As with most RPGs, “Anima” is a game of stats: you can add different weapons and items to bump your stats, as well as having the ability to level up your characters and unlock new skills. The skill trees are robust and provide a wide variety of combat possibilities. And yes, this is mostly a combat-oriented game. Forget about healers in parties and so on. You do get to play as two characters, each with its own stats and health bars (which comes super handy when trying to defeat more difficult bosses, as it gives you basically twice the health points), but you can’t add any other characters to your “party”. And that’s fine, actually: it’s a narrative-driven RPG, so it makes sense to confine the gameplay to the main protagonists.

Visually, the game looks really, really good in most places. Some locales are a bit drab, but most have great texture work, beautiful layouts and particle effects that add depth and sometimes even an ethereal beauty to your surroundings. “Anima” also runs buttery smooth on the Switch; I was particularly impressed with how well it ran in handheld mode, providing an enjoyable experience without noticeable framedrops.

The sound department is a bit more hit and miss: music feels tacked-on, and the voice acting, while competent, has to struggle with the rather horrid script which, as I mentioned before, is full of crude, misogynistic comments.
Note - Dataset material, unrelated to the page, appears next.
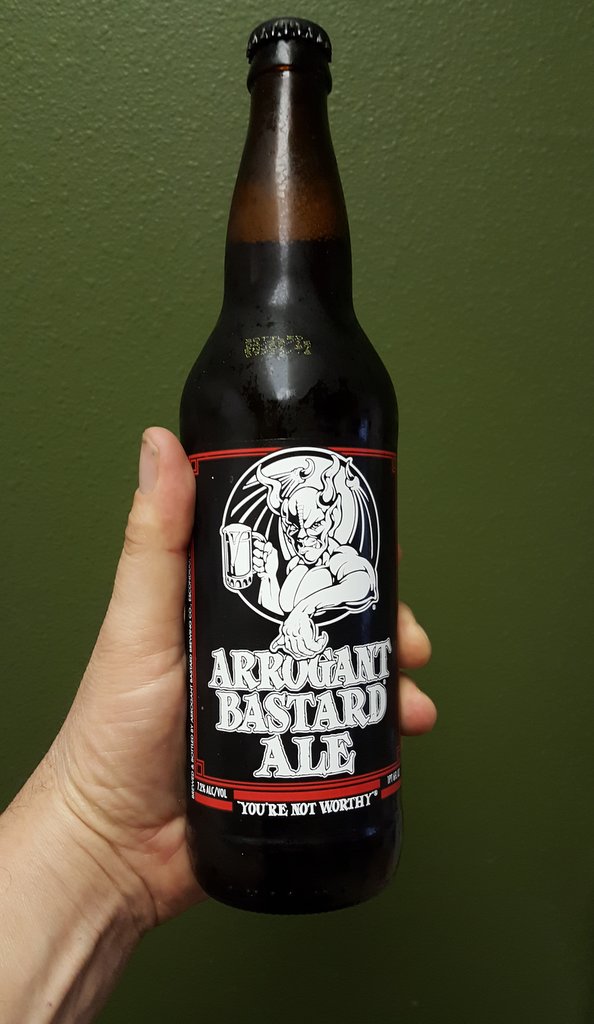 Hand holding a dark glass beer bottle with a black label a devil graphic and "ARROGANT BASTARD ALE" text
Sure, the story is rather interesting (if a bit predictable), but I don’t see the need to get there by calling the protagonist “baby” and constantly making reference to her rear. I just couldn’t get past it.

And it’s a shame: “Anima: Gate of Memories – The Nameless Chronicles” is a really rather good action RPG. It has plenty of content, especially for its price, it runs well, the combat system is deep and rewarding, the skill trees are full of interesting choices to make… it really is a fun, well put-together package. But you have to suffer through such strongly distasteful treatment of women that it makes it very, very difficult for me to recommend you pick up this game.

Maybe you won’t care that much about it, or maybe you’ll be of the opinion that it is, after all, just a video game. Just some fun to be had; and believe me, there’s plenty of fun to be had here. It’s just really, really not for me.